By Lisa Hester, Senior Account Manager
I’ve often said when sitting down for a project, “OK, time to get creative…starting now!” But how do you simply flip on the “creative switch” to let the good ideas flow? How do you fill that blank page with breathtaking ideas on cue?…especially when you’re just not in that creative mood.
There’s always a brainstorming session, where you draw upon the creative energy of a team to come up with some winning ideas. For some age groups, sharing ideas informally is part of their regular work routine. And that should be welcomed and encouraged. But sometimes, for strategy-building and formulating workable tactics, the formal brainstorming sessions is needed. Of course, these type of brainstorming sessions can be a gift or a curse. How do you turn brainstorming into that productive magic you need?

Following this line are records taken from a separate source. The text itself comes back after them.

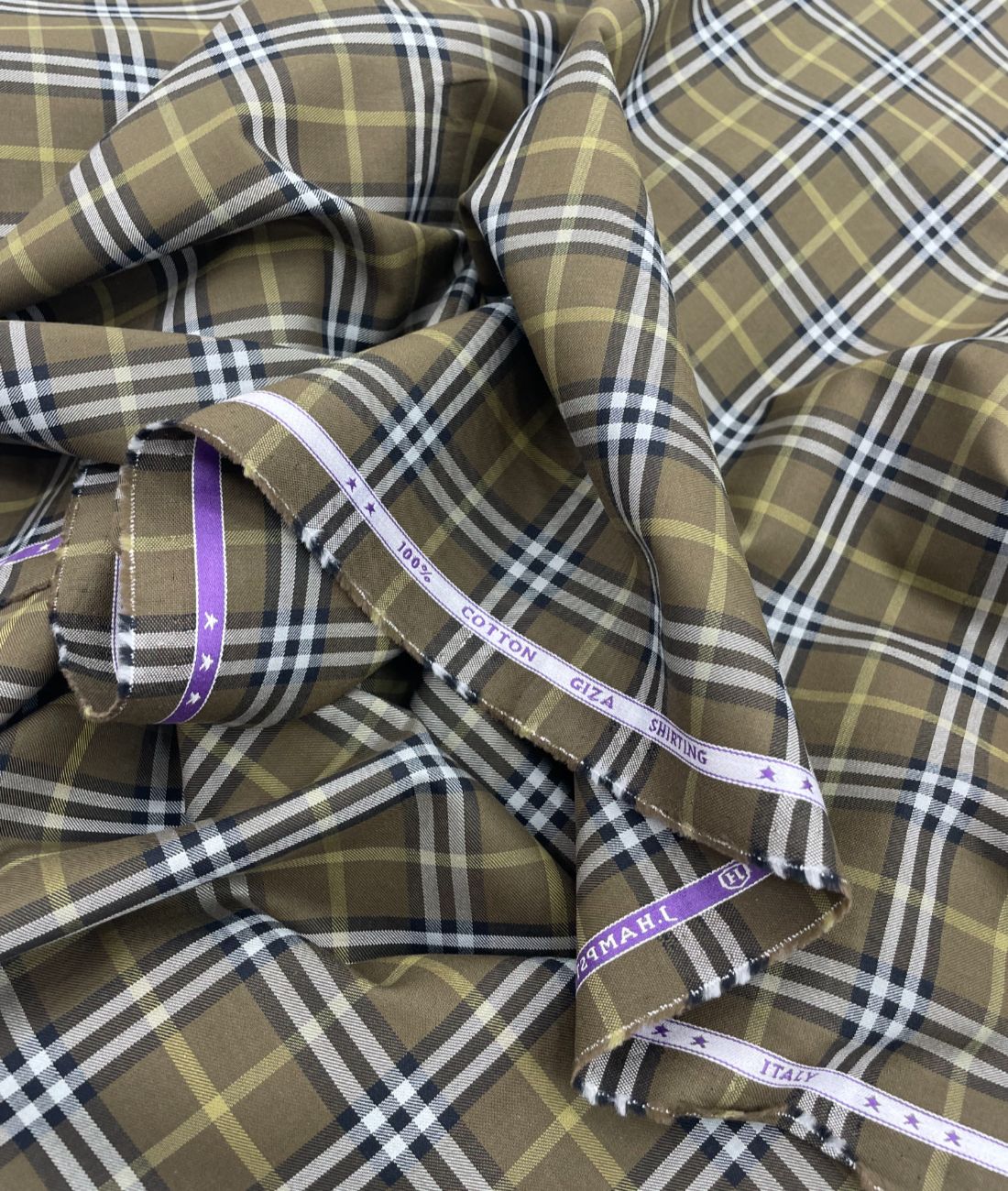 J.Hampstead Checks Luxury Giza Cotton Fabric for Mens's Shirt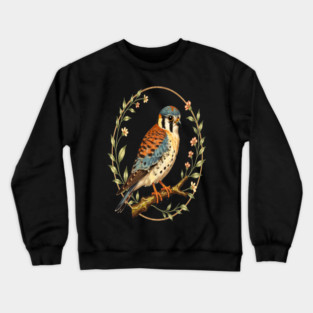 American Kestrel Framed with Floral Wreath Design Crewneck Sweatshirt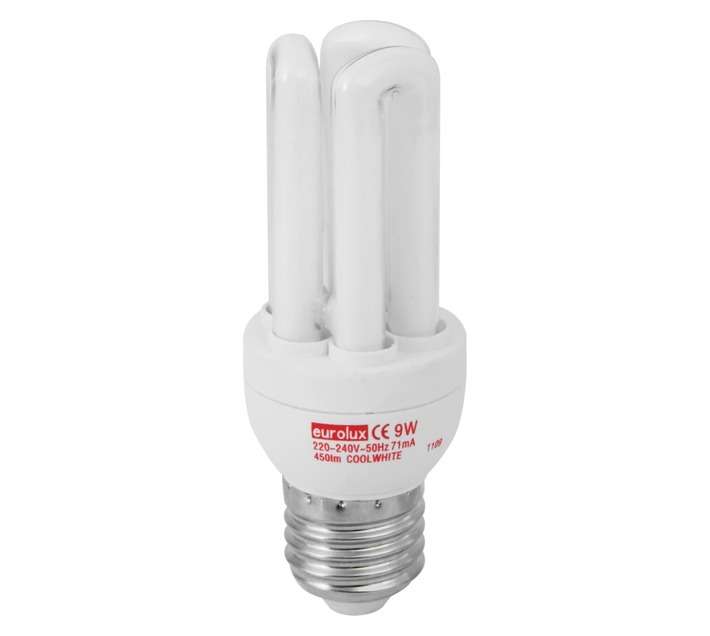Eurolux E27 Compact Fluorescent Globe - Cool White (9w)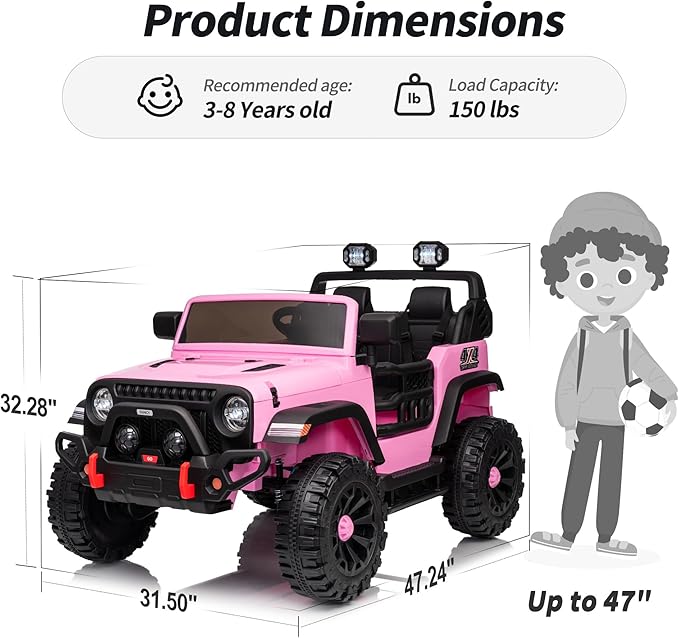 2 Seater Ride on Toy Car for Kids, 24V 4WD Ride-on Truck Kids Electric Car with Remote Control, 4x200W Motors - Light Pink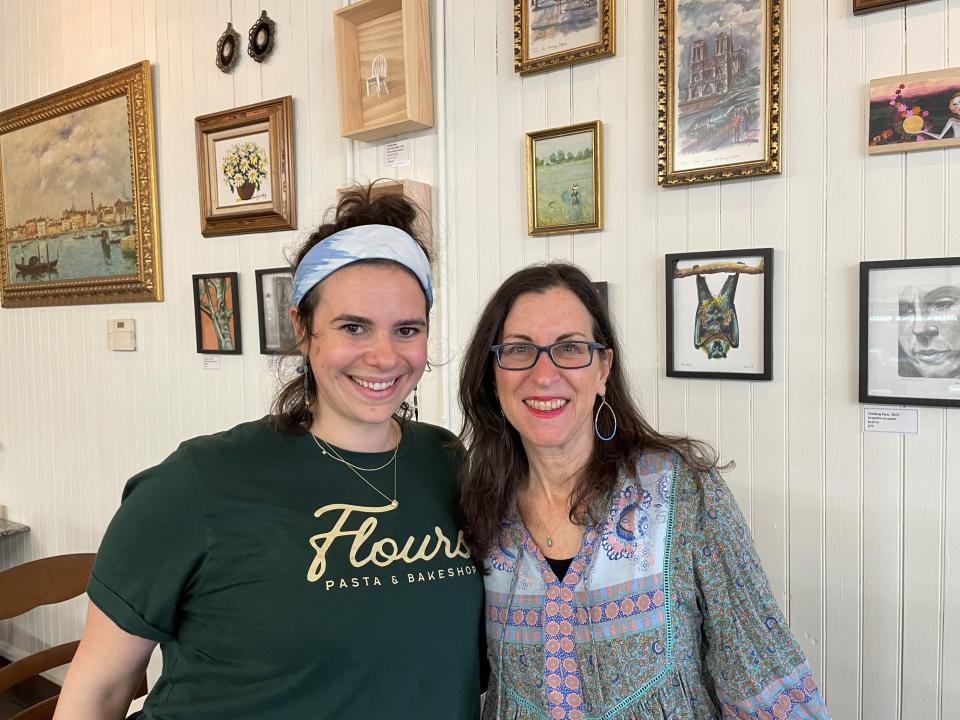 Lohud Food & Dining Reporter Jeanne Muchnick, right, with Sofia Todisco, the founder of Flours Pasta & Bakeshop in Haverstraw. Photographed April 2024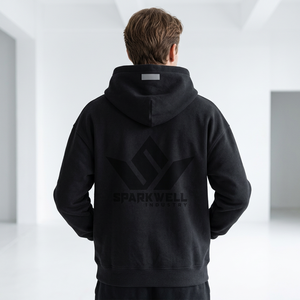 Sweat-shirt à capuche noir pour homme Sparkwell, en polaire polyester, décontracté, à manches longues, coupe oversize, pour l'automne et l'hiver, avec logo au dos - Product Image 6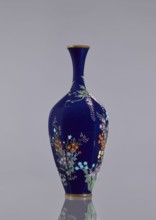 Vase, cloisonné enamel;, gift, repossession Krakow. Ovoid vase, elongated, with a long thin neck
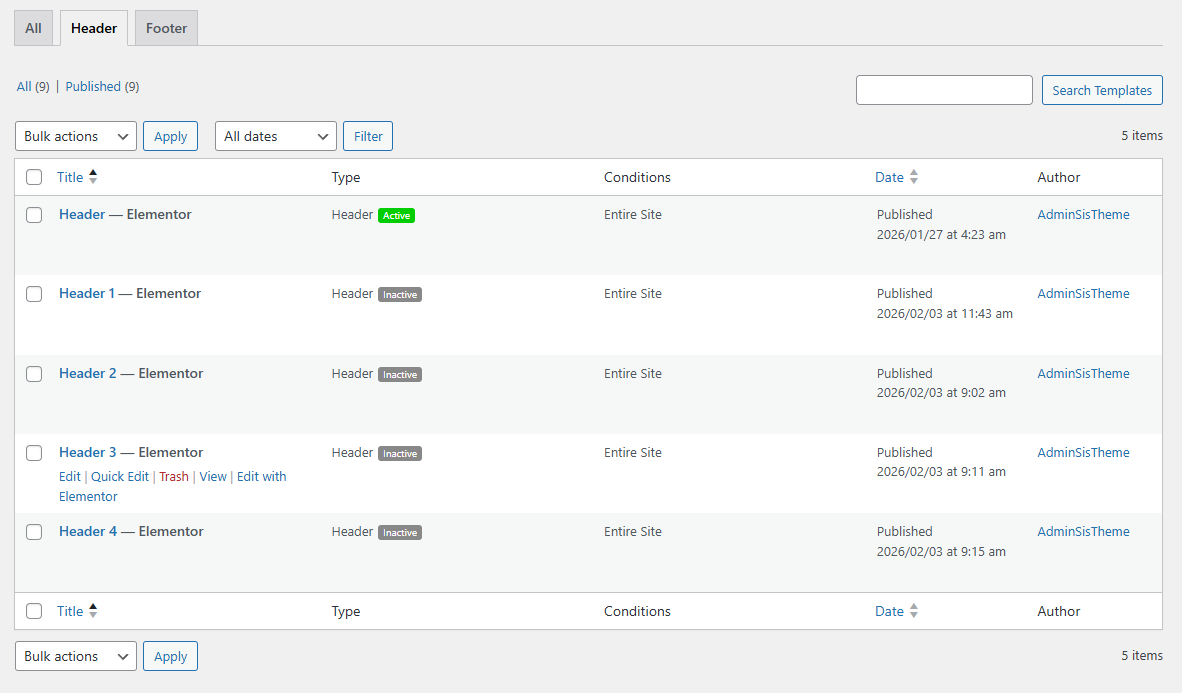 Header settings example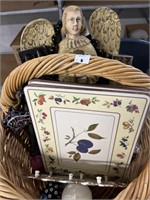 Basket with Garden Statue ,Placemats  and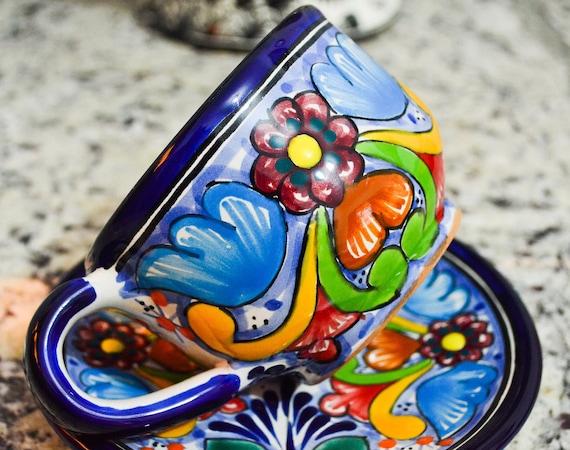 Set of 2 Talavera Coffee Cup and Saucer Set, Mexican Coffee Mug, Talavera  Cup, Mexican Talavera Mug. CM295 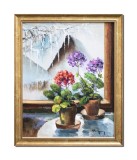 Cumpara ieftin Tablou cu hortensie pictat manual inramat, Beatitudine, 55x45cm ulei pe panza, rama din lemn, Geo Ungureanu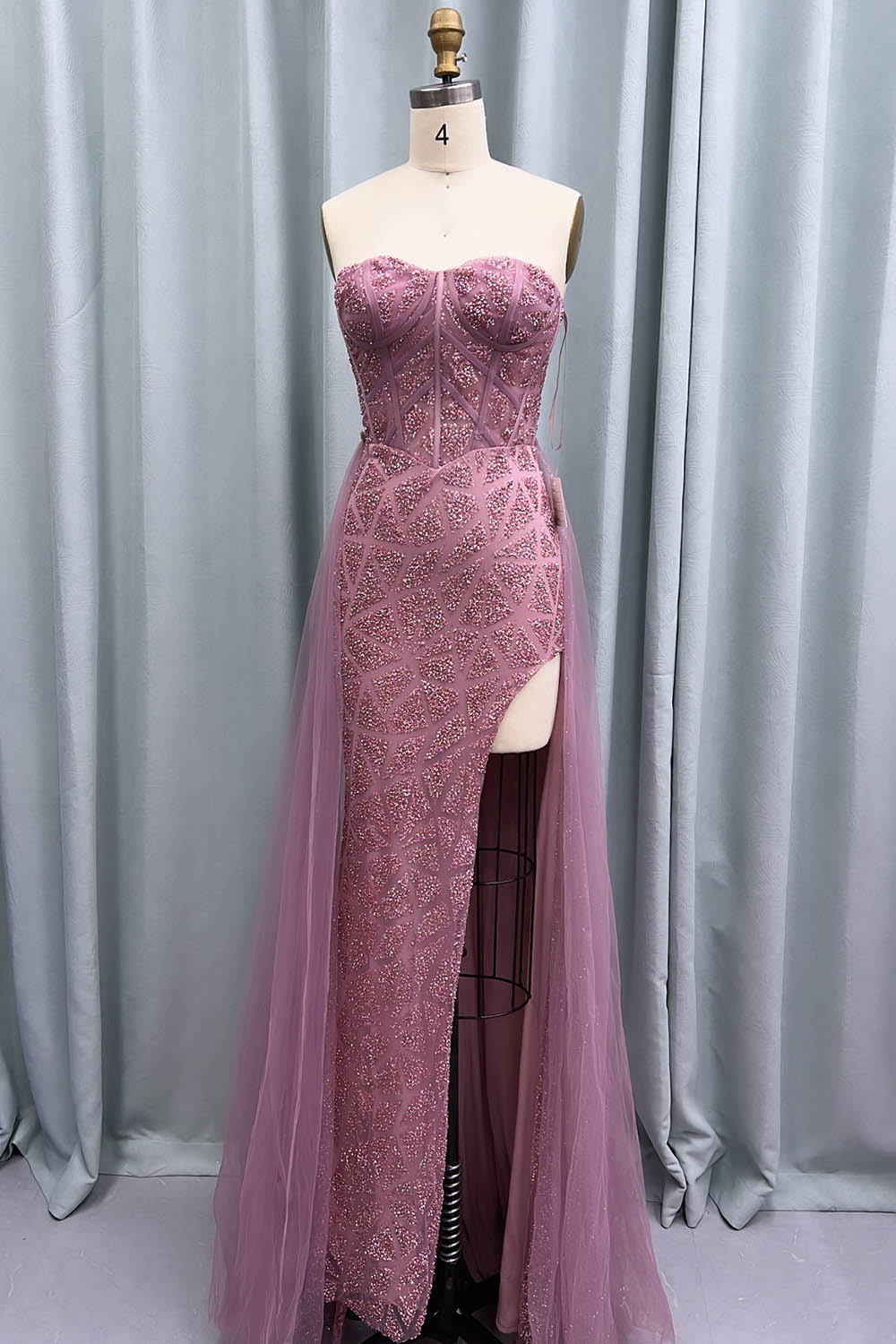 Sexy Strapless Pink High Slit Prom Dresses Long Vestidos De Gale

Here are a few tips to help get started in the right direction.
- Start smart…If you’re going to call a brainstorming session, make sure all the participants have the necessary background on the project well in advance so that they can come well prepared.
- Set the mood….Pick a comfortable location where everyone is at ease. Make sure it’s isolated enough to limit distractions. Going somewhere outside of the office can be a real brain-opener. And yes, “brain food,” i.e. snacks, are always a good idea.
- Pick the right leader… Select someone who will guide the group and keep them on track but not stifle ideas. Someone who can let the group stray down a path that actually is a productive one and reel them back in when they move away from the target.
- Open the session with a fun story, visual or game….Something whimsical to get the group excited or stimulated. Something to take their minds from the work they just left at their desk and get them interested in the session at hand.
- Then, turn the attention to the goal…Make sure you state clearly the purpose of the brainstorming session and what you hope the group will accomplish in the end. Ask questions, if needed, to make sure everyone is starting on the same page and understands the goal.
- Let the brainstorming begin. Kick it off with an open-ended question or a thought, a possibility, an idea. Then let others jump in. There’s no idea to small and no wrong answers. Capture all that is said. As break-through ideas that the group deems exceptional are brought up, make note. Then, at a point before the session ends, or if there is a lull in the session, go back to that idea and let the group dig deeper. No need to wordsmith during the brainstorming session. That can be done afterward.
After the brainstorming session, make sure you follow up with all participants. Let them in on formalizing the strategies, goals, suggestions…the outcomes of the brainstorming session. Or at lease share with them the final work product. There’s nothing worse than bringing a group together to pick their brain on a topic, collect their ideas, then never let them know what happened next.